Acercarse a las superficies de estas obras, ante las que podemos incluso dudar de si se tratan de esculturas (su material es el metal) o de pinturas (su disposición es la del marco-ventana, aunque algunas de ellas estén extendidas en el suelo o inclinadas sobre la pared; reparen cómo sus partes se organizan como organiza el pintor sus pinceladas por un cuadro; a Urbano le ha gustado siempre perder a una técnica en la otra), es descubrir un perfil agresivo, desafiante. En el caso de la pieza principal, una obra de suelo, ésta ocupa buena parte de la superficie de la sala, como obligándonos a reconocer que ese tiempo inexorable, que esa mancha negra avanza y pronto cubrirá la superficie sobre la que disponemos nuestros pasos. Recorrer la mirada de nuevo por sus límites, siempre puntiagudos, en ocasiones oxidados, empastados por la acción de las fuerzas naturales, es nuevamente ser conscientes de cierta temporalidad: Eso está ahora así, adopta esa fisonomía, pero podría tener otra en breve, y tuvo otra muy distinta en el pasado. De hecho, según nuestra atención se fija en unos accidentes u otros, en unas tonalidades u otras, va leyendo la pieza como si de una partitura se tratara. El granadino invita, como lo hacen autores de referencia para él como Richard Serra, Juan Muñoz o Bruce Nauman (también pensadores como Ernest Jünger y su concepto de “emboscarse”), a disfrutar de una experiencia inmersiva de lo escultórico, a dialogar con el espacio y buscar nuestro lugar frente a la obra. Pues no se trata solo de ver, de contemplar, sino también de sentir, de percibir.

Atrás quedan los materiales más translúcidos de otras series.
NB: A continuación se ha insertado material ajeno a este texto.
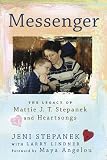 Messenger: The Legacy of Mattie J.T. Stepanek and Heartsongs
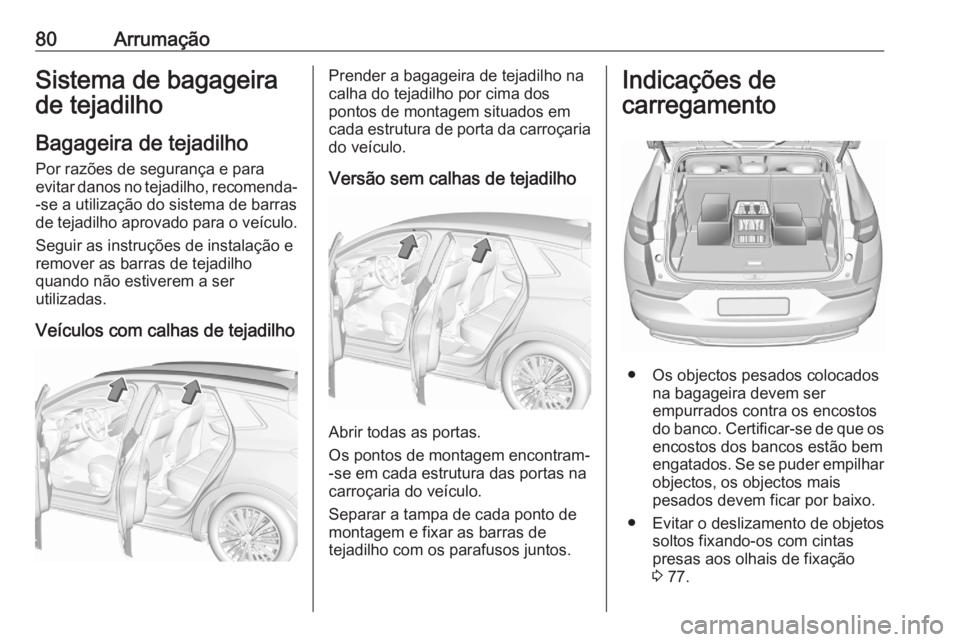 OPEL GRANDLAND X 2020  Manual de Instruções (in Portugues) 80ArrumaçãoSistema de bagageira
de tejadilho
Bagageira de tejadilho Por razões de segurança e para
evitar danos no tejadilho, recomenda- -se a utilização do sistema de barras
de tejadilho aprova OPEL GRANDLAND X 2020  Manual de Instruções (in Portugues) 80ArrumaçãoSistema de bagageira
de tejadilho
Bagageira de tejadilho Por razões de segurança e para
evitar danos no tejadilho, recomenda- -se a utilização do sistema de barras
de tejadilho aprova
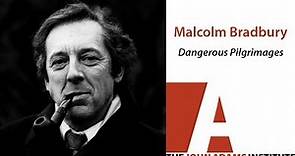 Malcolm Bradbury on Dangerous Pilgrimages - The John Adams Institute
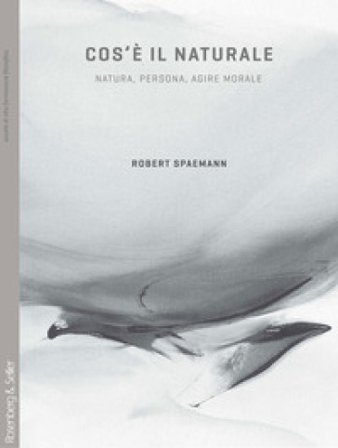 Cos'è il naturale? Natura, persona, agire morale Robert Spaemann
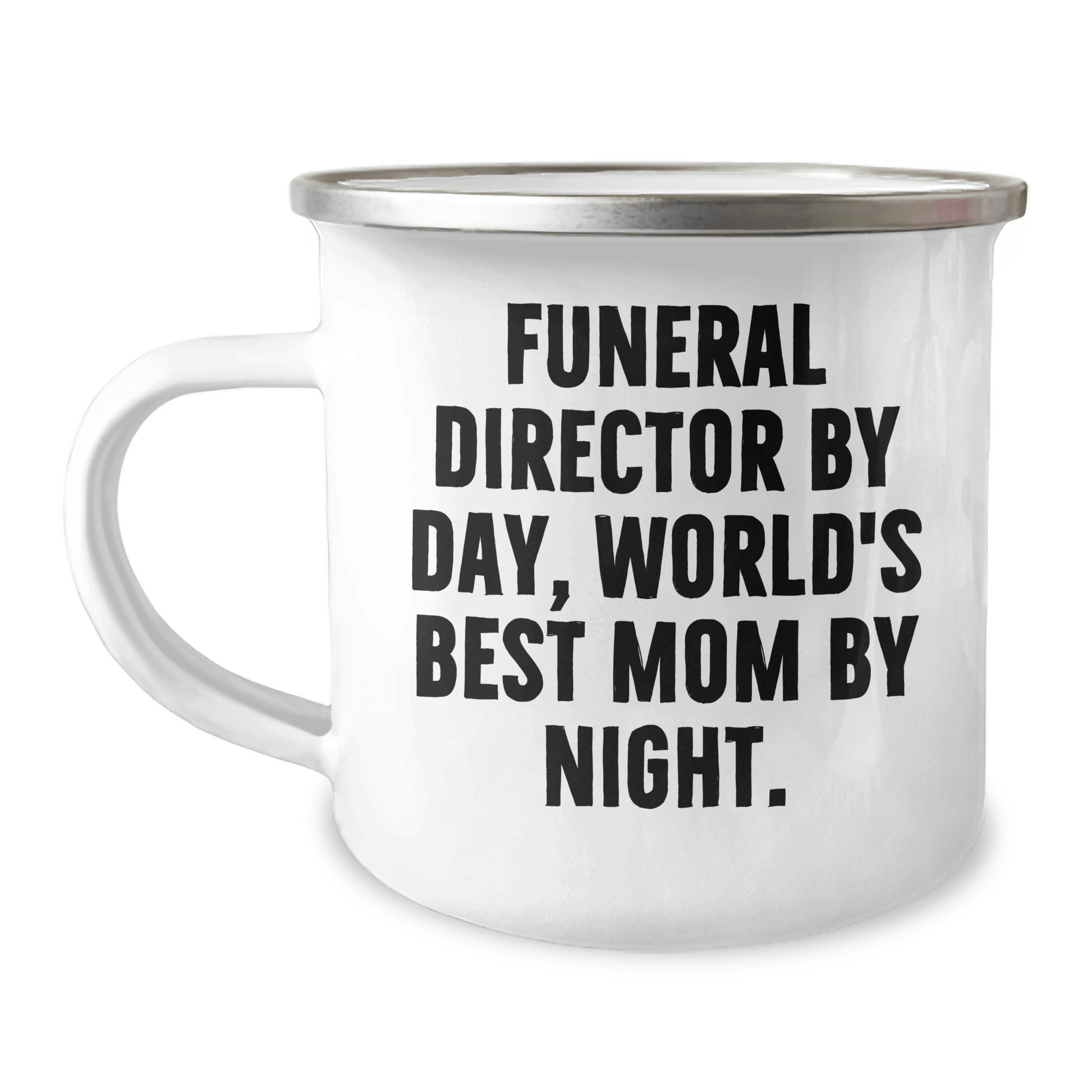 Funeral Director Gifts, Camping Mug, 'Funeral Director By Day, World's Best Mom By Night.' - Unique Mother's Day Unique Gift from Family, Friends, or Coworkers - Victory Thru Vision 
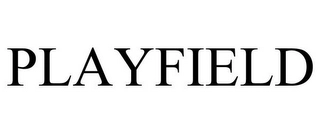 PLAYFIELD Trademark Image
También ese aspecto más artesanal de las obras en pos de un acabado de apariencia más “industrial”. La disposición de las láminas, a modo de suave oleaje del que se facilita una foto fija, nos lleva a buscar en nuestra mente, ante la obra que se eleva del suelo y se extiende también por la pared, la imagen del balcón de “Desbordamiento”. Urbano reconoce que, si bien siempre se ha mantenido en equilibrio en la fina línea que separa figuración y abstracción, en esta ocasión tensiona las potencialidades que le ofrecen ambos lenguajes. Aquella pieza (como todas las de este conjunto) es una nueva cortina; un límite que nos separa de algo. Y sus bordes son agresivos, desafiantes, punzantes. Sin embargo, a modo de ventana, como si de una persiana veneciana se tratase, si somos capaces de superar la ansiedad y el miedo, de no quedarnos paralizados o regodeándonos en la imposibilidad, descubriremos que esos resquicios, esas rendijas tienen obligatoriamente que ofrecernos otra realidad. Sólo el temor y las distracciones impiden alcanzar lo que se sitúa detrás. Urbano plantea pues esas láminas como referencias a los estratos psicológicos del ser humano ante la realidad de su propia finitud, de su propia caducidad. ¿Las distracciones? El ego, el narcisismo, el miedo, la vanidad, el orgullo, todas esas arrogancias, superficialidades y también vicios que nos impiden vivir en plenitud. Que nos impiden apartar las rendijas con los dedos y echar un vistazo a lo realmente importante.